The four digestives on the plate seemed to have been at the back of the cupboard for some time. They had an odd grey tinge to them and a slightly furry surface. Jonathan Slide wisely made no effort to select one for himself. Perhaps he’d had a late lunch too.
He was wearing an old tweed jacket with leather patches on the elbows, a checked shirt and a crumpled, brown woollen tie, almost as if trying to caricature a retired schoolteacher. He had not noticed, or did not care about, the numerous stains of various colours on his khaki trousers. From the window of his small flat we had a fine view over the river and Putney Bridge.
‘Always something going on down there,’ he said, hobbling a couple of steps towards the window. ‘You can never be bored with a view like that. Never bored or dwelling on the past. Doesn’t pay to dwell on the past, however wronged you’ve been. That’s the London Rowing Club first eight – the one with blue and white stripes on their blades. Thames have red, white and black. Westminster School have pink. The Cordwainers’ boathouse is up in Hammersmith – but they row past sometimes – blue blades with a gold rose. Can’t miss them. For a year or two they had blue blades with two gold stripes, but
we made the boat club go back to the rose. They’d had the gold rose for a hundred years – you can’t change a tradition just because it’s cheaper to paint a stripe than a flower or somebody thinks it looks “better”. Most change is for the worse, I find. In Victorian times the young men often used to row naked from the waist up. Did you know that? In 1869, when Harvard raced Oxford on this stretch of the water, the Harvard crew were all bare-chested, though they did wear crimson handkerchiefs on their heads.’
‘Including the cox?’ I asked. I took a sip of tea. It was very weak and milky. I’d noticed Side had carefully retained the used tea bag after he’d extracted it from my cup. It was now drying by the sink.
‘No idea about the cox,’ he said. ‘I wouldn’t have thought so, would you? Now they all wear these lycra suits. I suppose it must be warmer. But still …’

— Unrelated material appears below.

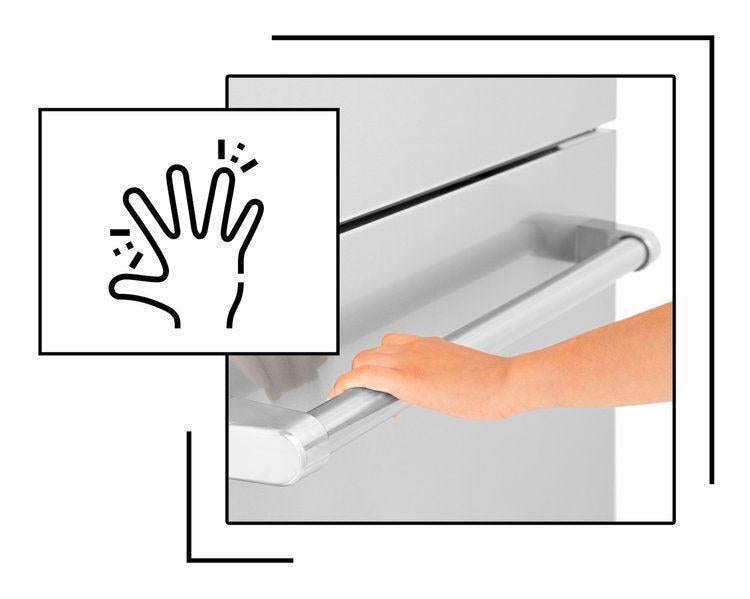 Icon and image representing fingerprint-resistant finish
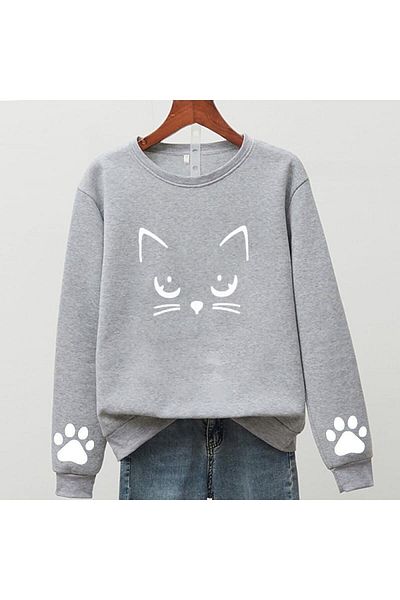NoVibe Kids Oversize Meov Cat Printed Sweatshirt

We watched London Rowing Club make a practice start. For about twenty seconds water flew everywhere. The coach was unhappy and it was repeated with slightly less spray. They halted again and the coach berated them for a while via a crackly loudhailer. Both eight and coaching launch drifted slowly upstream with the incoming tide until they were lost to view.
‘You’re from Chichester, then?’ asked Slide, breaking the silence.
‘West Wittering,’ I said. ‘Do you know it?’
‘A bit. I’ve always taken holidays in Selsey, just down the coast from you. Not as smart as the Witterings – more scope to do as you wish. Not as much scope as Brighton, but more than enough for my purposes. I’d go there every summer when I was teaching. I’m off down there again next week. Same B&B I always use. We should meet up.’
‘I don’t get to Selsey much,’ I said.
‘I’m often in Chichester,’ said Slide. ‘That’s no distance from you. And free with your pensioner’s bus pass.’
‘I’m not quite old enough to qualify …’ I said.